Create a wacky Christmas opera with Google’s latest experiment

By Mark Wilson

2020 is clearly not the year for caroling. However, that doesn’t mean you have to give up on the festivities of singing. Through a quirky new project from Google, you can assemble your own four-person opera and have them sing to you.

Okay, you’ve got me. They aren’t actually people. They’re blobs—or what I’d describe as a Play-Doh shell with a face. This is the Blob Opera.

Blob Opera is a web-based music creator that you can master instantly. You start with one blob, your bass, and stretch it with your cursor until it expels your desired key. Then you bring in more blobs—a tenor, mezzo-soprano, and soprano. By pulling them left or right, you can change the vowel they sing, and by dragging them up and down, you alter their pitch.

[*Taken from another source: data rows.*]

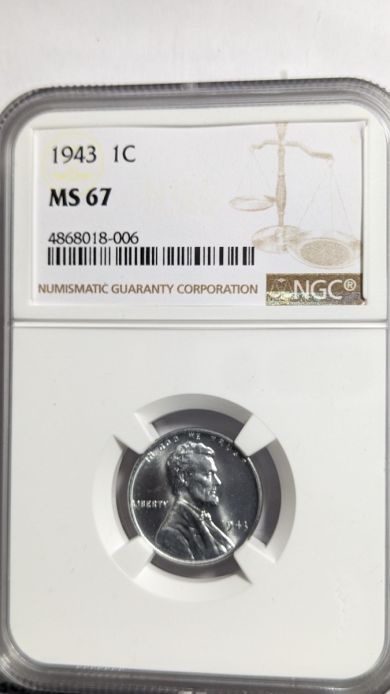 1943 1C NGC MS67 Steel Cent - 4868018-006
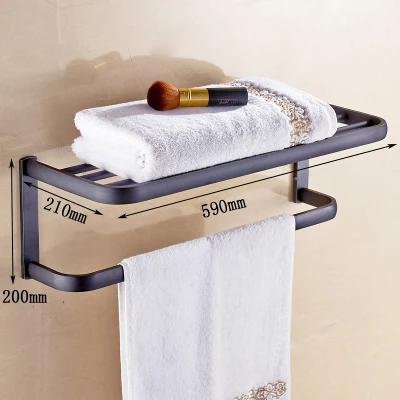 Серия FZ, черный матовый толстый набор аксессуаров для ванной комнаты, Полка для полотенец, держатель для бумаги, крючок для одежды 414B - Цвет: towel rack only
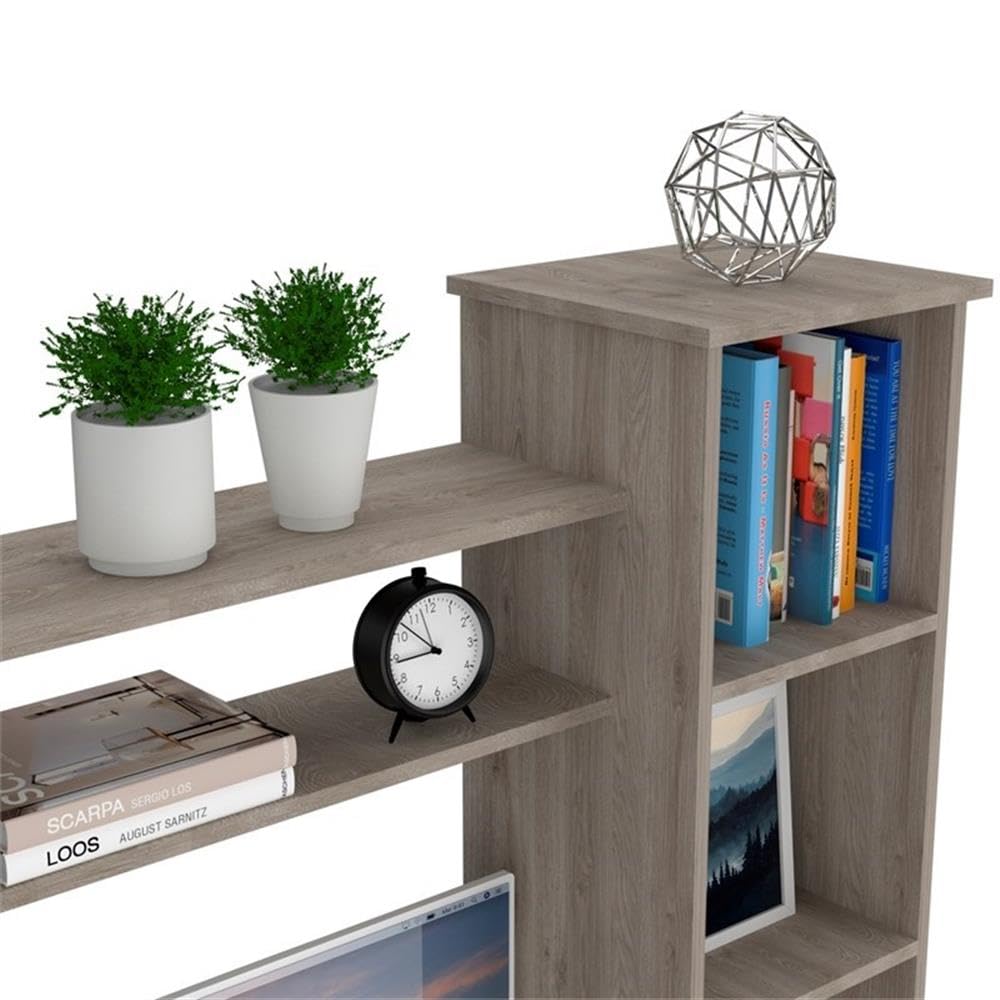 TUHOME Gray Versalles Engineered Wood Desk for Home Office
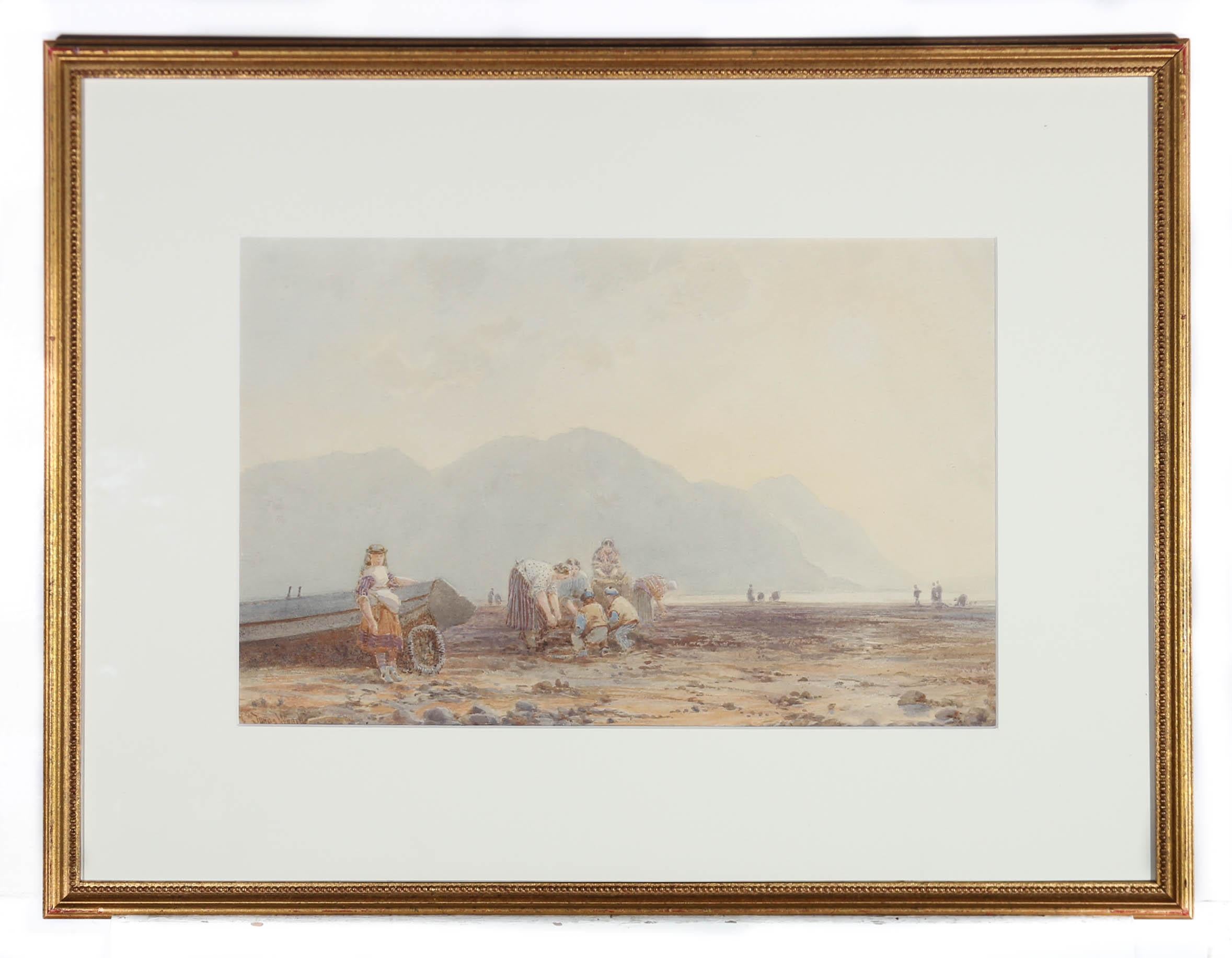 A delightful watercolour by landscape painter James Whaite (fl.1876-1896), depicting cockle pickers on a large North Wales beach. Signed to the lower left-hand corner. Well presented in an elegant gilt-effect frame with bead course. On watercolour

Then it’s time to jam. You just grab one of those blobs and pull. As you twist and yank your choir of monsters, the effect is like autotune for chamber music. No matter what you do, it all sounds good, because they’re singing in the same key. You can actually record your creation to share, but if you feel lazy, you can give up manual control, and simply have the choir sing you festive holiday songs all on their own.

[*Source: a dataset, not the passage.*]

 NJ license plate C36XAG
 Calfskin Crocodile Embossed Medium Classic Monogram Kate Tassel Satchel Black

[Screen Capture: Google Arts & Culture]

But the most impressive part of the project, beyond this silly-yet-intuitive user interface, is that the singers you hear aren’t the recordings of actual people but a piece of software imitating them. To build this system, Google recorded hours of classic opera singers, and used that data to train an AI model to know and mimic what an opera singer should sound like.

The resulting simulation notably doesn’t feature any specific words, but let’s be honest, who among us is really translating all that Italian when we listen to La Bohème? Overall, Google has created a convincing facsimile of a trained operatic choir. And it’s just so, so fun to make them sing whatever you want.